Prophage genes are seen in a wide variety of bacteria (a 2008 paper estimated that over 60% of bacterial genomes contain prophage genes), and in fact human DNA is thought to contain at least 8% retroviral gene remnants. There's reason to suspect that certain large DNA animal viruses (such as herpes and vaccinia) have a lysogenic cycle. Certainly, viruses like varicella zoster (which can produce shingles many years after a person's initial infection) can remain dormant for decades before suddenly undergoing induction to a lytic phase.
Viruses that live an exclusively lytic lifecycle have relatively few opportunities to co-evolve with the host, because they spend little time in the host. Such a virus might spend years "hanging around" in the environment before encountering a host cell; then the lytic reproductive cycle may last only minutes or hours, and it's back to "hanging around" in the environment.
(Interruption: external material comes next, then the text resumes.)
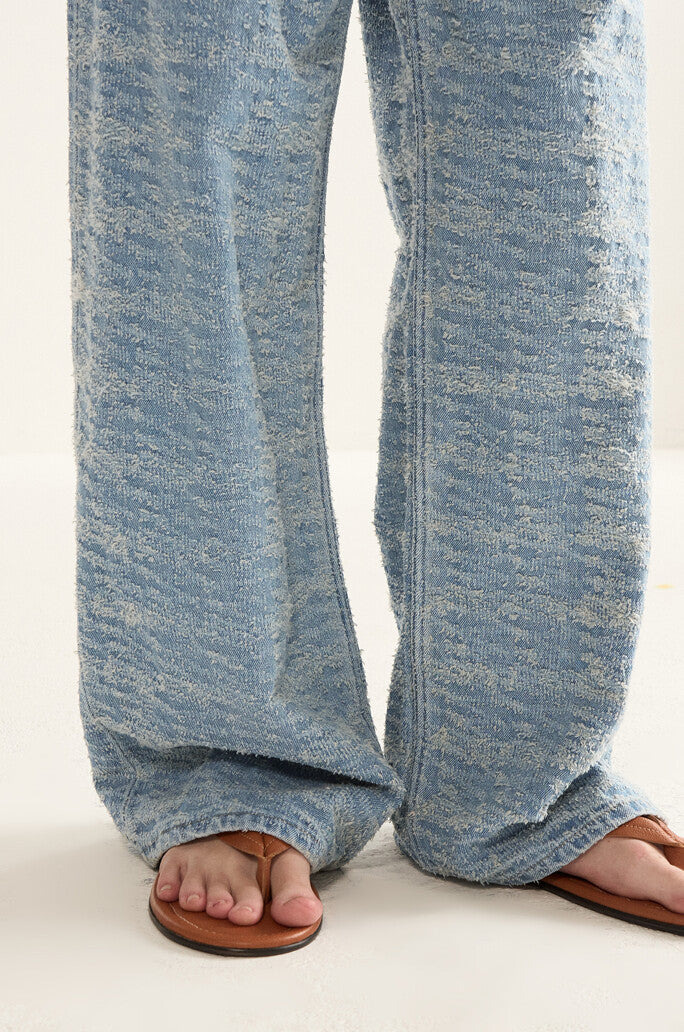 Jacquard Denim Pants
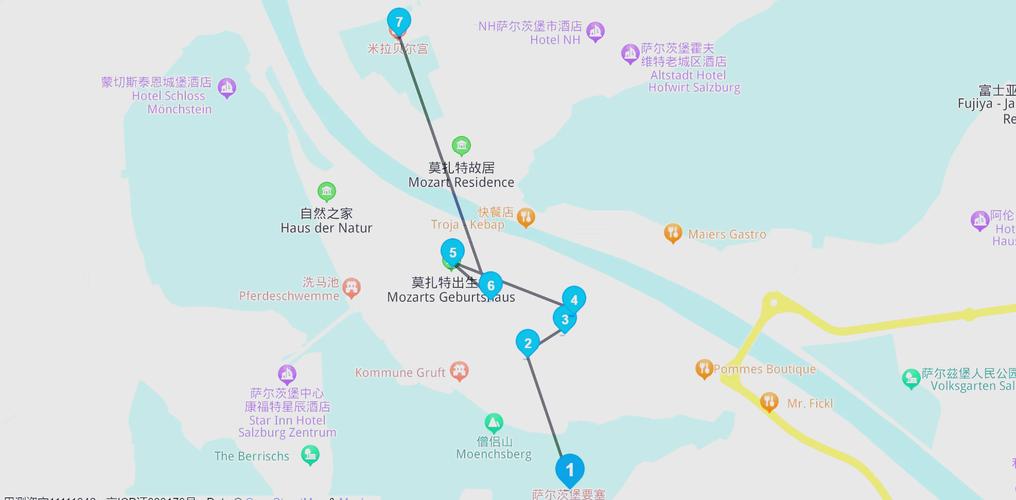 薩爾斯堡地圖位置:深度解析莫札特故鄉的地理脈絡與旅遊攻略 3 薩爾斯堡地圖位置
The situation is much different for a temperate virus (i.e., one that has a lysogenic cycle). A lysogenic virus essentially becomes an integral, first-class component of the host DNA and undergoes the same replication and repair processes that apply to host DNA. Accordingly, we should expect to see a much different pattern of evolution in the genes of lysogenic viruses (or prophages). And indeed we do.
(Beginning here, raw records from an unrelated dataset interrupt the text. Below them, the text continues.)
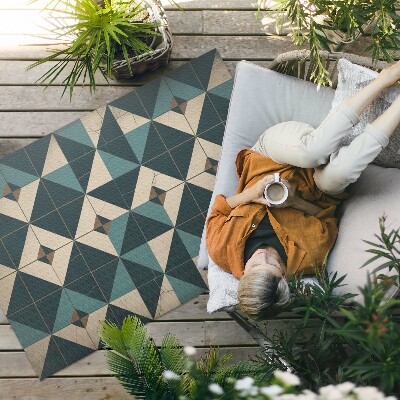 Dywan winylowy Art deco kafle z figur geometrycznych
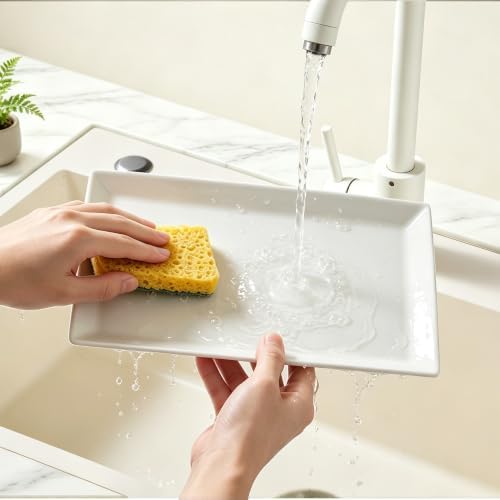 Large Serving Platters, 16/14/12 Inch White Serving Trays Set, Rectangular Porcelain Plates for Party, Wedding, alternate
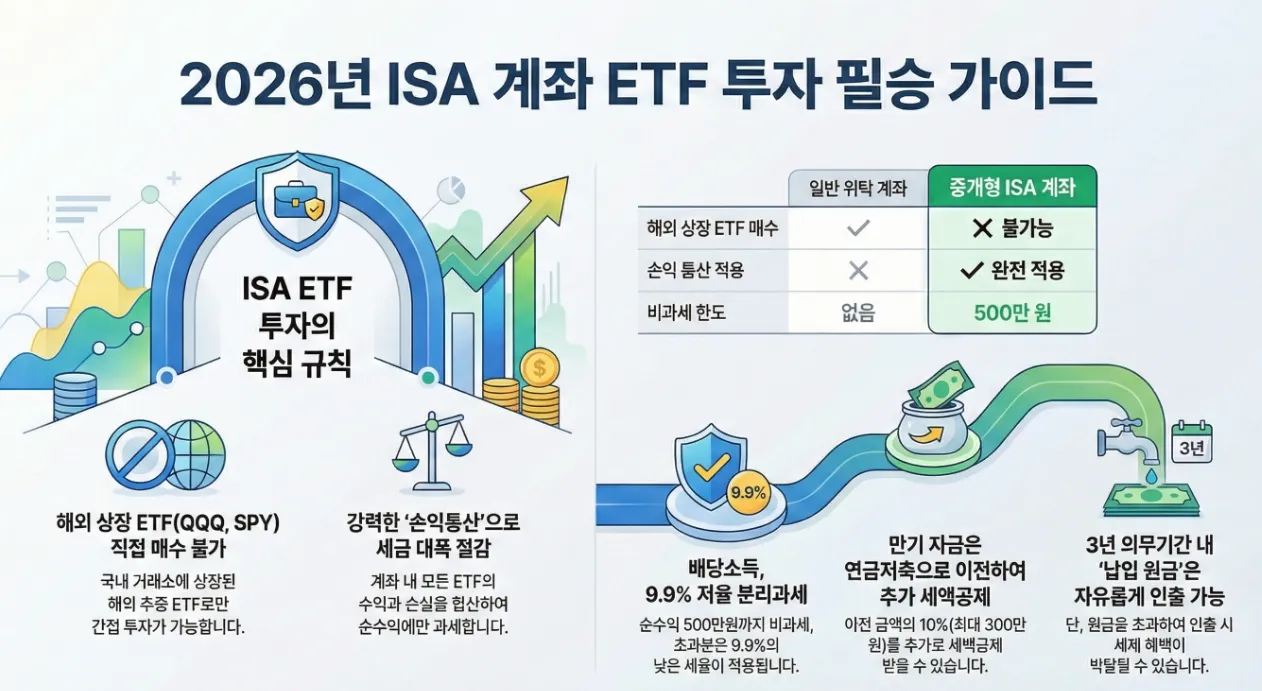 ISA 계좌에서 ETF 투자 시 주의할 점이 있나요
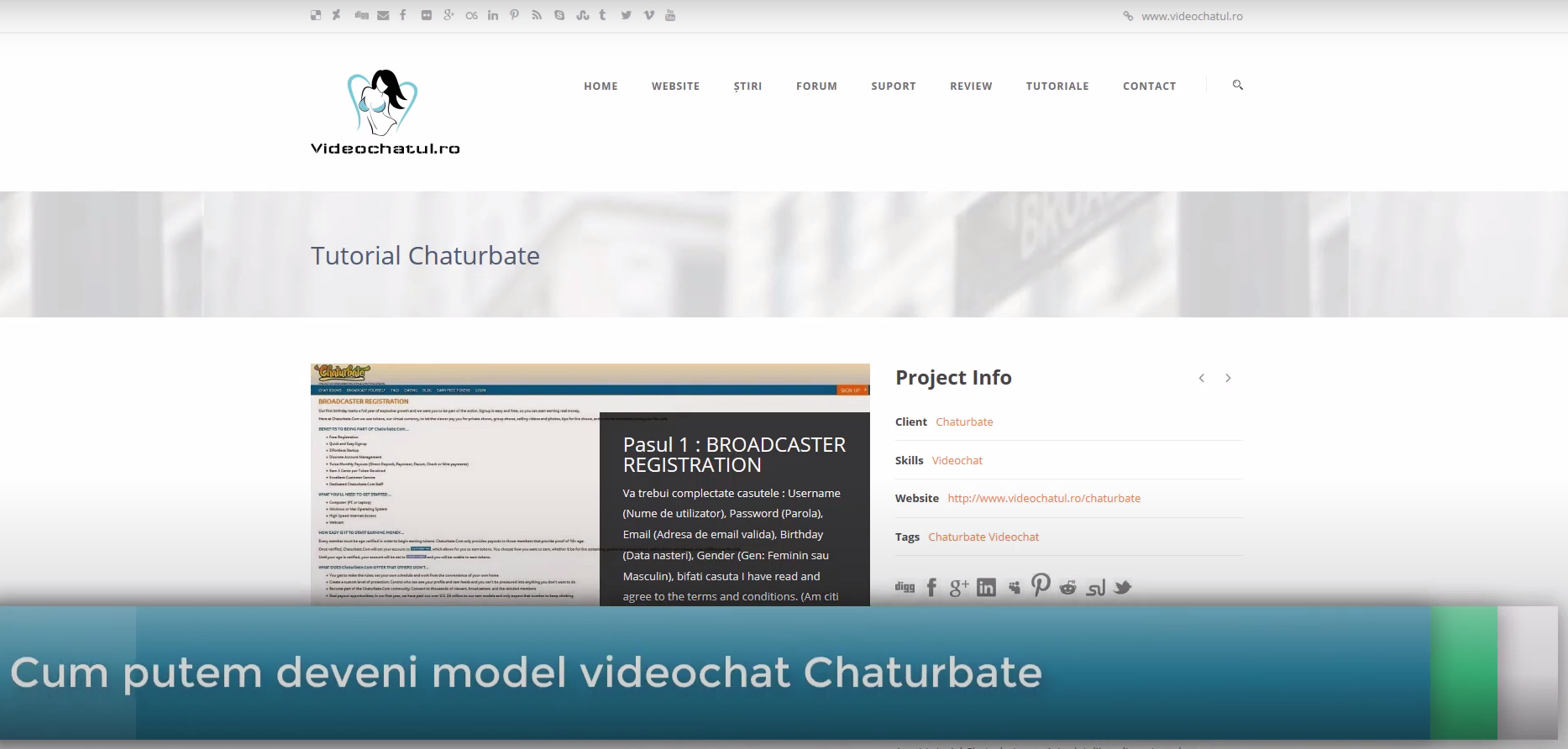 Tutorial Adaugare cont model webcam - Chaturbate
The phylogenetic tree below was prepared using viral (phage) and bacterial genes for DNA adenine methylase (dam), an enzyme involved in DNA repair and replication. What's interesting about this gene is that many bacteria have their own (native) copies of this gene plus a prophage copy. And they differ, but not as much as, say, lytic-phage thymidine kinase versus native bacterial TK. (I showed phylo-trees for viral and bacterial TK enzymes in a prior post. If you'll recall, these enzymes differ so drastically that it's not at all clear that one derives from the other, ancestrally.)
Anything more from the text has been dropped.